_WORK TO BE COMPLETED_: Only the lines below, from the one with "Hotel Comfort Shëngjin 외부 사진" through the one with "中锋市场火热！曝小萨浓眉罗威等均在货架上", are to be written out, exactly.

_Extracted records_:
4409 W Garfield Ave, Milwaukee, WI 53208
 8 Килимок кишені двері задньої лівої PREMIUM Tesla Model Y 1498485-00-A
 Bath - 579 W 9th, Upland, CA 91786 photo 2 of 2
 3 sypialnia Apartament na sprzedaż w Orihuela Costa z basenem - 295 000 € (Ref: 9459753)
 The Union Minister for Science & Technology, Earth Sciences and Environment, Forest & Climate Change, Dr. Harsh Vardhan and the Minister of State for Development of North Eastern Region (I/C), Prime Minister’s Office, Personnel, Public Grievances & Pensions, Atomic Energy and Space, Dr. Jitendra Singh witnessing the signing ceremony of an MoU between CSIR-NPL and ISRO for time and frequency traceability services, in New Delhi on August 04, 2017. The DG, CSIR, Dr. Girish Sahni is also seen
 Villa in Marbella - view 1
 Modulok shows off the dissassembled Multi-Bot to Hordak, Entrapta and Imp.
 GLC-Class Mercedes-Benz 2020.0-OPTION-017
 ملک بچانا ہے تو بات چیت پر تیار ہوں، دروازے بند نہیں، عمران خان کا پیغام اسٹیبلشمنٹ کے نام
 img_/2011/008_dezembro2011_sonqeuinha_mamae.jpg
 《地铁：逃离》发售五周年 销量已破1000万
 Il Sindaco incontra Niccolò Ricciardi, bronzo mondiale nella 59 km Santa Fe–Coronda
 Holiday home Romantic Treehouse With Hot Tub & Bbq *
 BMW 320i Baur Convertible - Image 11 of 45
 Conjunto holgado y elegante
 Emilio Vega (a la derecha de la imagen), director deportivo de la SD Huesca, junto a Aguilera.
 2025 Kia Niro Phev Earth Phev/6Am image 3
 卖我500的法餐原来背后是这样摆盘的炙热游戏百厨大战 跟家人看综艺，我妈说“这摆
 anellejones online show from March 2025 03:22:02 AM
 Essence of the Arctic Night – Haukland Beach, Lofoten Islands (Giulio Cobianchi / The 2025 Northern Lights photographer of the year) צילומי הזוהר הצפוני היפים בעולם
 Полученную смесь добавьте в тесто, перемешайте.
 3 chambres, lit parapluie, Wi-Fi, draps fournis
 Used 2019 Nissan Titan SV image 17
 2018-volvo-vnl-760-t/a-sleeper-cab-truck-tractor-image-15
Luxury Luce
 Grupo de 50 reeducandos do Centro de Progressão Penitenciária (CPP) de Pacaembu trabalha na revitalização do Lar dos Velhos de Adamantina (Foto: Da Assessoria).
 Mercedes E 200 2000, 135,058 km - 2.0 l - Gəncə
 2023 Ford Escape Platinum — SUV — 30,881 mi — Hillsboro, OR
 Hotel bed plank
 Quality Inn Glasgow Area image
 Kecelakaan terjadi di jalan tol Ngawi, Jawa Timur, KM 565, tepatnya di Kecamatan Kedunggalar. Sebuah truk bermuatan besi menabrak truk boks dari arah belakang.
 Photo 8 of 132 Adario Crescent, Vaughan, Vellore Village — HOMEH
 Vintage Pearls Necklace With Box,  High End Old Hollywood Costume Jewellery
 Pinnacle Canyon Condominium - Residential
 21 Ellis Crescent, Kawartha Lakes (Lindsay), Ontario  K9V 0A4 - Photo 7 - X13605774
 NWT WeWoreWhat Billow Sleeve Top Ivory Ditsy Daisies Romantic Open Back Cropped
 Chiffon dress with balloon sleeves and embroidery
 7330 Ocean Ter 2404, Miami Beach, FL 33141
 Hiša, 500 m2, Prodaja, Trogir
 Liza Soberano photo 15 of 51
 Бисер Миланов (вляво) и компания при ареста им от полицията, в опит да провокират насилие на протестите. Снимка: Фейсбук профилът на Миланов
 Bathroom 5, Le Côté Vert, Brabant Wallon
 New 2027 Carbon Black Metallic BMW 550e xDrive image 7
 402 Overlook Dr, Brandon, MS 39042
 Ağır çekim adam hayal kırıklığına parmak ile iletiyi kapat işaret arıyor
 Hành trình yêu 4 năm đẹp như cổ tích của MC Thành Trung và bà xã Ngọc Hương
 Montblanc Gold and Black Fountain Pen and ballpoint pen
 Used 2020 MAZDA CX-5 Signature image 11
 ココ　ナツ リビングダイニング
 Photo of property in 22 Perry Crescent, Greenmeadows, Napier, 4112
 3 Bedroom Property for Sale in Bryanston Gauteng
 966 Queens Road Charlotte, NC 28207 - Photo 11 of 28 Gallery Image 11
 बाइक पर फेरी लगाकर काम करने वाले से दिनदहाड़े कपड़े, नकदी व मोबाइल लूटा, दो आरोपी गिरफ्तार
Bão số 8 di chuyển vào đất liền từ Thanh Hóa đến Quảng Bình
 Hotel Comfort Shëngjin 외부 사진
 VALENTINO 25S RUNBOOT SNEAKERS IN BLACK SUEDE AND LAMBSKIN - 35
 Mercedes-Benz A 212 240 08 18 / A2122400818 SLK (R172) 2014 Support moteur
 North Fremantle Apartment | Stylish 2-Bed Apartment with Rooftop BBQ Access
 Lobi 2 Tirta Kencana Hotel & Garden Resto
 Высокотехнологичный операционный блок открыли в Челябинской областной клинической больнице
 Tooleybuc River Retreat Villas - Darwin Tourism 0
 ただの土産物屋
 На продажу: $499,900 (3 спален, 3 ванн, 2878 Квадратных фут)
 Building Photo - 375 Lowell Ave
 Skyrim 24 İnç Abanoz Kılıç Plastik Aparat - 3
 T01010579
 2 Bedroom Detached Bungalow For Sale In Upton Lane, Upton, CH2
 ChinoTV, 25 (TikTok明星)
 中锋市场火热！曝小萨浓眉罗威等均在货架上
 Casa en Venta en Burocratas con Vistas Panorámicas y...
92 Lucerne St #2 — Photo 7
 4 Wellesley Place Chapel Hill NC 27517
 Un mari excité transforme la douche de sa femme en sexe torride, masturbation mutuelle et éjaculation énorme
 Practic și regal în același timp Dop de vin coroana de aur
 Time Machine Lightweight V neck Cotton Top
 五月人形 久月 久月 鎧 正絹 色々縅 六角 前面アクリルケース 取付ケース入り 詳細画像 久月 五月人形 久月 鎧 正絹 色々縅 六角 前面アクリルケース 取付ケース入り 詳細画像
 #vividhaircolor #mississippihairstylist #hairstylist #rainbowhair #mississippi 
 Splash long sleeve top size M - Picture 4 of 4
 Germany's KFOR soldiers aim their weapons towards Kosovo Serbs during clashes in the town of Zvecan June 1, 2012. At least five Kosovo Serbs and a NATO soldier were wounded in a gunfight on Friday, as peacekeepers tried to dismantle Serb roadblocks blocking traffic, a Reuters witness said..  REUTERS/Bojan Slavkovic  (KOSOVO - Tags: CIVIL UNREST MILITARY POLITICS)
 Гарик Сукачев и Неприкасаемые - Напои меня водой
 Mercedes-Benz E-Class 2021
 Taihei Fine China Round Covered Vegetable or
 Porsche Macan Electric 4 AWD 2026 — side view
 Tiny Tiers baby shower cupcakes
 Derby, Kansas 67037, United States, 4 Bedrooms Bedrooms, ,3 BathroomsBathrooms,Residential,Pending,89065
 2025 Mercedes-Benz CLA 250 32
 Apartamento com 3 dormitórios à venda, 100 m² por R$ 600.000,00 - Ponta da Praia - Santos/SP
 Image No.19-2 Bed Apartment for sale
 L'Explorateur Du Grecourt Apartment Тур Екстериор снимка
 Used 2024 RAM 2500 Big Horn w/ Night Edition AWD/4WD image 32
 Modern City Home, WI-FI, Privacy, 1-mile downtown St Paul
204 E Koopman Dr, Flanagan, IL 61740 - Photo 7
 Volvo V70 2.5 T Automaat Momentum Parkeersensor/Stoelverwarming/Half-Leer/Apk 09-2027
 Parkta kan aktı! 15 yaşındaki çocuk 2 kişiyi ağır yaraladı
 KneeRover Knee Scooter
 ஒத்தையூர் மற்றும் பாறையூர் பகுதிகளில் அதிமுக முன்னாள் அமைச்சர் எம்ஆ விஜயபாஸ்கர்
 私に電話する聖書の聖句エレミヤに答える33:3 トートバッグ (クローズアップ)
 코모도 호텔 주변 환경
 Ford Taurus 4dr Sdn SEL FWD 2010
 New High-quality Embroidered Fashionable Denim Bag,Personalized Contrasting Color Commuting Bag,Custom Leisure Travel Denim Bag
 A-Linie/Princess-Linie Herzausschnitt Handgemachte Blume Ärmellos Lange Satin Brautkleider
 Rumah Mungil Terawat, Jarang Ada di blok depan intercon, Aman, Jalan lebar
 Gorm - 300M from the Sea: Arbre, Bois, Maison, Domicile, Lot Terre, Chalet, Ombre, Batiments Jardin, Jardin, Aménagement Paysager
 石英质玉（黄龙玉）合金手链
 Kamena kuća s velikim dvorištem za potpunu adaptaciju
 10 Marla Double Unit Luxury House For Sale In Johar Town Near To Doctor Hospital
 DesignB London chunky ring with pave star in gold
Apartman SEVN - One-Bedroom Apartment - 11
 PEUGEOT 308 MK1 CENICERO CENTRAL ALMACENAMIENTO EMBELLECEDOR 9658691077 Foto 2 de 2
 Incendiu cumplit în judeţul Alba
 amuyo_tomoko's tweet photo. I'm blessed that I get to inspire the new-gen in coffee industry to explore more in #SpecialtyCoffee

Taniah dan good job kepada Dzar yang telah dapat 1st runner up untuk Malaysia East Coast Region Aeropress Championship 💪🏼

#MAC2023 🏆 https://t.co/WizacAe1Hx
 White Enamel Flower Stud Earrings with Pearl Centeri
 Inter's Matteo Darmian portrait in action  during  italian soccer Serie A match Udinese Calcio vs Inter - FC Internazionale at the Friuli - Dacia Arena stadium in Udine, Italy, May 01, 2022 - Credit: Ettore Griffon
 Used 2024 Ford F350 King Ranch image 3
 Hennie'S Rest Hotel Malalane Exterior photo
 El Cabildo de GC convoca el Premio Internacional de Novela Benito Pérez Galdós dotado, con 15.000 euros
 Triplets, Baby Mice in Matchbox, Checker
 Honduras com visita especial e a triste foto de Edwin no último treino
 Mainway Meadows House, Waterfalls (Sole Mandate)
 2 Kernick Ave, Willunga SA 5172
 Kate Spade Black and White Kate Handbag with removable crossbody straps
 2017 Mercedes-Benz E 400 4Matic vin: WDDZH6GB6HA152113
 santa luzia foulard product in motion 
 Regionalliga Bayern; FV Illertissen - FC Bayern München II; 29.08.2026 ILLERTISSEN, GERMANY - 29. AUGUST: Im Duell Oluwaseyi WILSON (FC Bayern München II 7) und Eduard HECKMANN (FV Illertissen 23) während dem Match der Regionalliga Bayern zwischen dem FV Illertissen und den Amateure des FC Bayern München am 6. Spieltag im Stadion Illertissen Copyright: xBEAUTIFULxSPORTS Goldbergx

_ANSWER SECTION_:
 Hotel Comfort Shëngjin 외부 사진
 VALENTINO 25S RUNBOOT SNEAKERS IN BLACK SUEDE AND LAMBSKIN - 35
 Mercedes-Benz A 212 240 08 18 / A2122400818 SLK (R172) 2014 Support moteur
 North Fremantle Apartment | Stylish 2-Bed Apartment with Rooftop BBQ Access
 Lobi 2 Tirta Kencana Hotel & Garden Resto
 Высокотехнологичный операционный блок открыли в Челябинской областной клинической больнице
 Tooleybuc River Retreat Villas - Darwin Tourism 0
 ただの土産物屋
 На продажу: $499,900 (3 спален, 3 ванн, 2878 Квадратных фут)
 Building Photo - 375 Lowell Ave
 Skyrim 24 İnç Abanoz Kılıç Plastik Aparat - 3
 T01010579
 2 Bedroom Detached Bungalow For Sale In Upton Lane, Upton, CH2
 ChinoTV, 25 (TikTok明星)
 中锋市场火热！曝小萨浓眉罗威等均在货架上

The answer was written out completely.